Copy out precisely the lines of the material that follows, beginning with the line containing "Room 15 of 107" and ending with its last line; exclude pictures.

* [INFORMATION SUPPLIED]

★ ★ ★ ★ ★

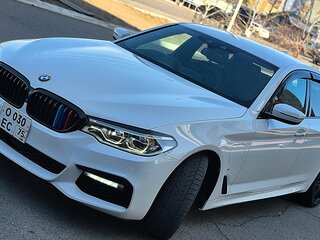 2017 BMW 5 серии 530i VII (G30/G31/G38), белый, 3029000 рублей, вид 1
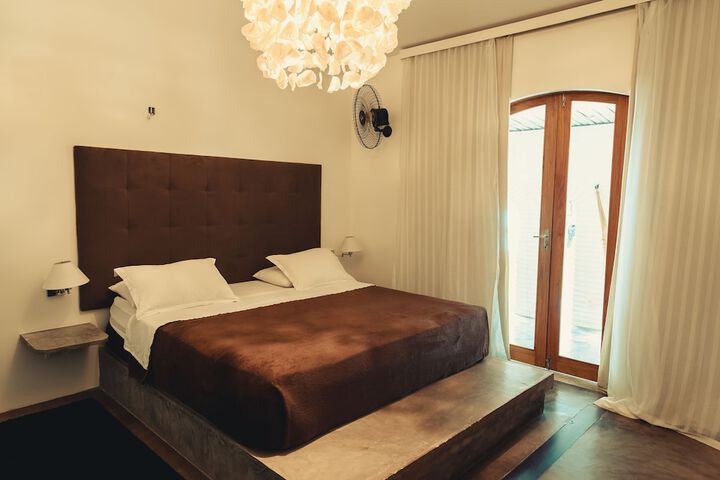 Room 15 of 107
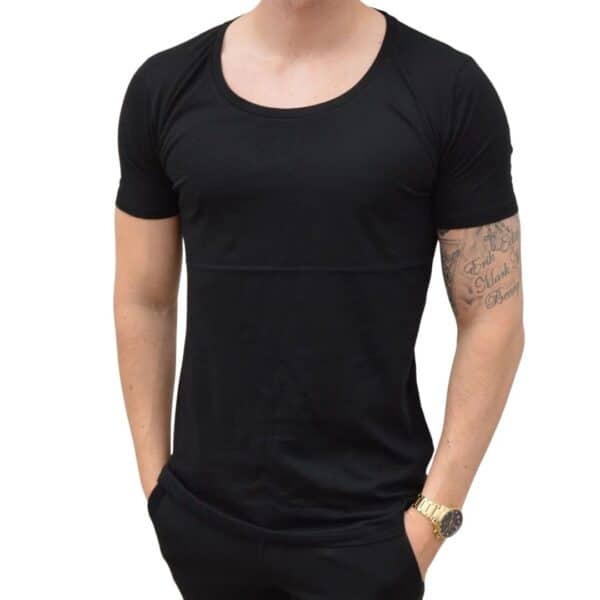 Basic T-shirt Deep Cut Sort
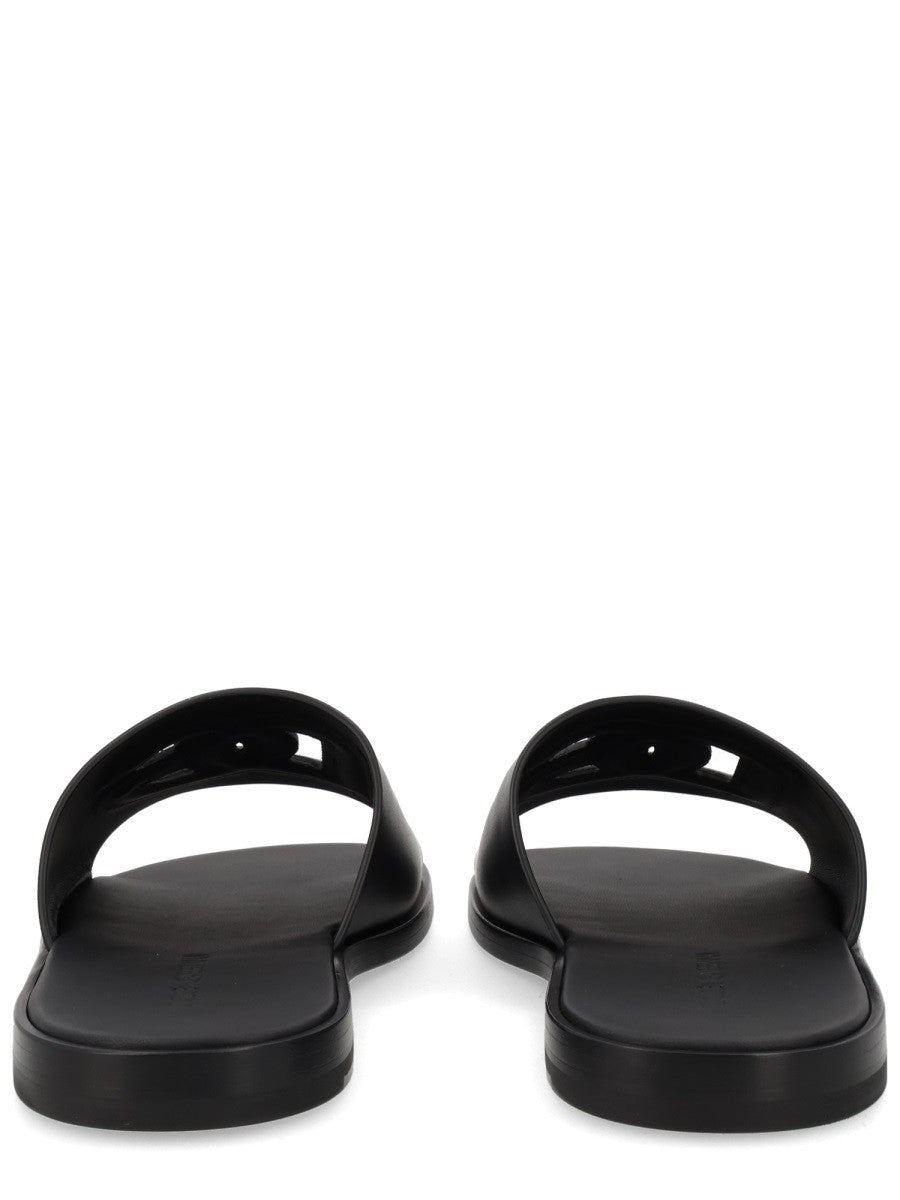 حذاء جلد مفتوح بشعار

★ ★ ★ ★ ★

* [ANSWER BOX]
 Room 15 of 107
 Basic T-shirt Deep Cut Sort
 حذاء جلد مفتوح بشعار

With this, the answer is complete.